# Island Area ICE !



## hearttxp (Dec 21, 2004)

Okay Dont want to get too excited ? But have a Friend who lives on one of the islands and this morning as far as he can see is ICE everywhere.

Yes I do see small warm up next week ? But who knows ?

At least it is a start and MORE than last year! Hopefully the Ice Gods will see to a Nice Long Ice season ?


----------



## hearttxp (Dec 21, 2004)

Here is a air photo from today !


----------



## Carpman (May 18, 2005)

Just as i reported yesterday.......hopefully it stays thru 40 and rain next week. I need some eyes.


----------



## K gonefishin (May 4, 2004)

Looks like ice making weather to me! 

http://www.intellicast.com/Local/Weather.aspx?location=USOH9924 

Remember, the daytime high is only reached for a short period of time during the day from 4pm-10am it's colder and more near the low rather than the high. Any temp below freezing will slowly build ice, I just might be flying over by the end of the month! 

We need another freeze though for it to get real good.


----------



## Scum_Frog (Apr 3, 2009)

the few days in the mid 30s shouldnt hurt much....if anything it'll help melt the junk top layer.......cant wait for the ice season to stay for monntthhhss!!!


----------



## Double J (Jan 7, 2009)

Nice pic! Hope we get on it this year!


----------



## captmike (Feb 16, 2007)

That may be the most beautiful picture I have seen in nearly two years


----------



## hearttxp (Dec 21, 2004)

captmike said:


> That may be the most beautiful picture I have seen in nearly two years


I agree ! Have a few More pic's ! 

Just hope we get a cold snap and NO wind ?

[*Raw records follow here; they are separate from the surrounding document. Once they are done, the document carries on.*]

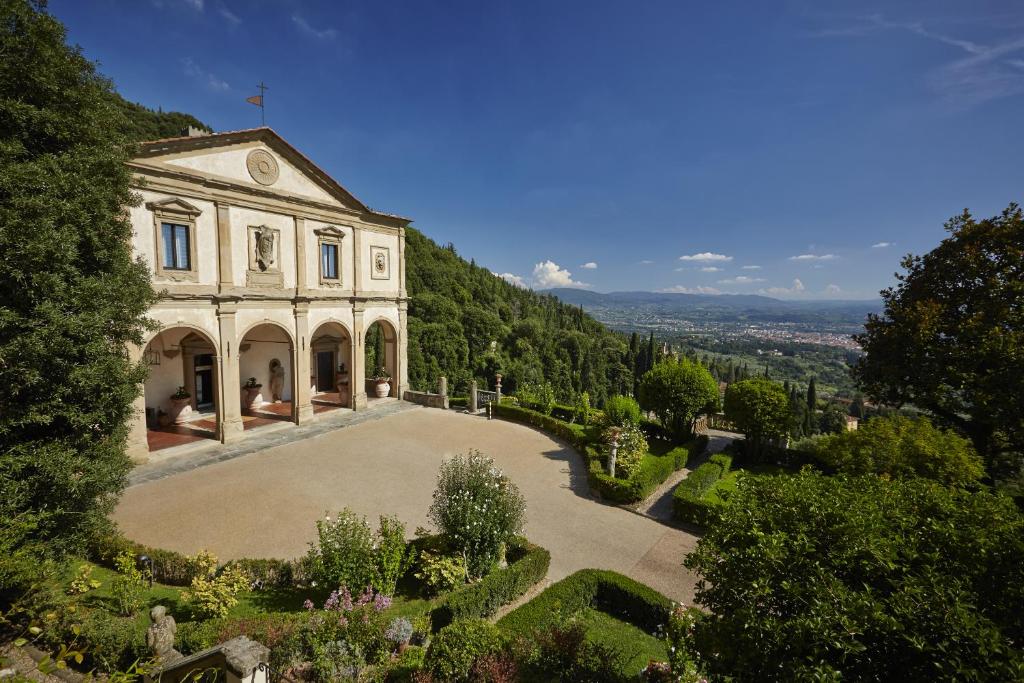菲耶索莱Villa San Michele, A Belmond Hotel, Florence的一座带花园的古老房子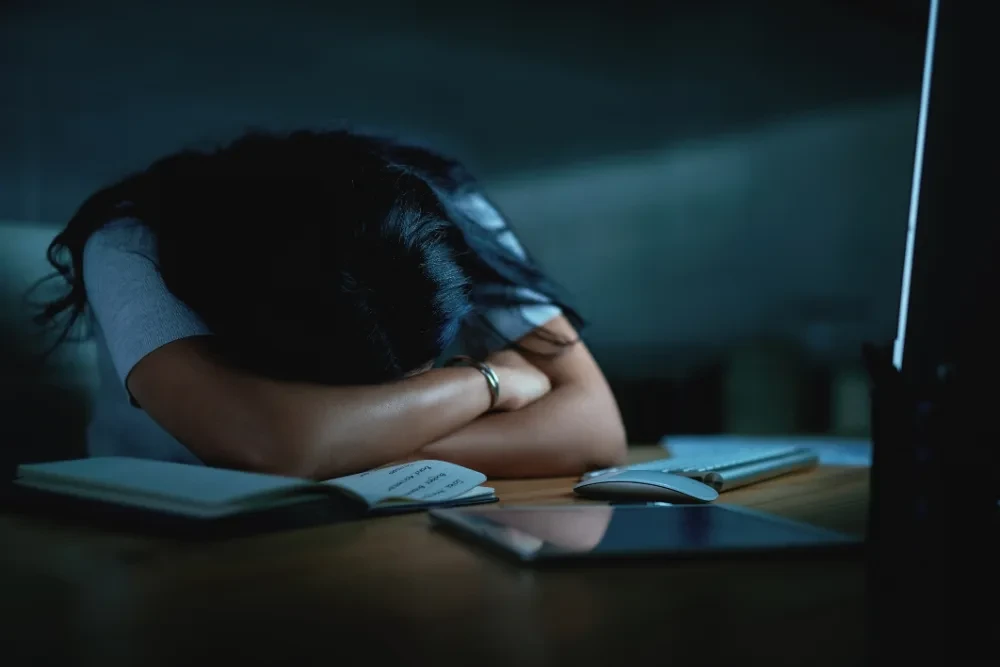 Employee experience technology helping healthcare workers manage tasks and reduce burnout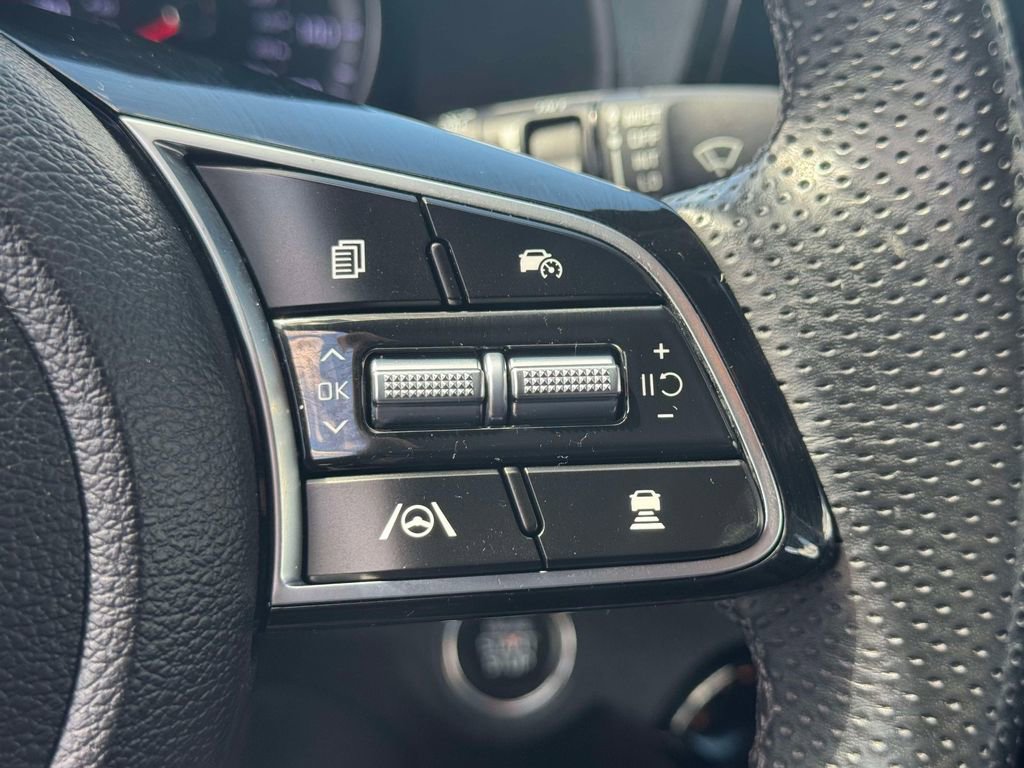 Used 2023 Kia Forte GT-Line w/ GT-Line Technology Package image 19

Will see If I can get new pic's Friday ?


----------



## NorthSouthOhioFisherman (May 7, 2007)

You guys... Oh you guys... I guess I'll keep my debbie downerness to myself lol


----------



## captmike (Feb 16, 2007)

Have to be optimistic or depression sets in


----------



## Double J (Jan 7, 2009)

Don't look at that rain in next weeks forecast....yuck!!!!


----------



## K gonefishin (May 4, 2004)

Yeah but check this out. 

http://www.newsnet5.com/dpp/weather...lowed-by-major-Arctic-plunge-in-northern-Ohio


----------



## laynhardwood (Dec 27, 2009)

I like the optimism k gone,winter just started and its far from over IMO 


Posted using Outdoor Hub Campfire


----------



## sherman51 (Apr 12, 2011)

i dont like the cold and loved last winter. so i,ll try to help the ice fisherman out this year. i hope you get the ice you want and you all catch alot of fish.
sherman


----------



## allwayzfishin (Apr 30, 2008)

Sure hope Erie freezes over this year. Ive been wanting to get out there for my first erie ice eye. Interesting read K-gone...hope it holds true and we ice fish into the 3rd week of March


----------



## NorthSouthOhioFisherman (May 7, 2007)

I hope that is true too, sure would make for some good snowmobiling weather too!


----------



## K gonefishin (May 4, 2004)

I did more Google searching last night on this article blast seen a few other news stories seems the great plains great lakes parts of Midwest and northeast could get it they are looking between the 15th and 20th of Jan. If it happens Erie will fish including mainland and obviously Ohio will get great ice. We will have good ice well into march let's cross our fingers and hope it happens it would be great. 

posted using Outdoor Hub Campfire


----------



## Carpman (May 18, 2005)

Kgone, 

I read the same stuff, it got me excited. Don't even care about the warmup now......


----------



## sady dog (Feb 10, 2008)

I dont know??? trolling around the cans in Febuary and march was pretty dang cool...then jigging on the reefs in jeans and a t shirt was awesome...

But I am ready to ice fish...bring on the freeze !!


----------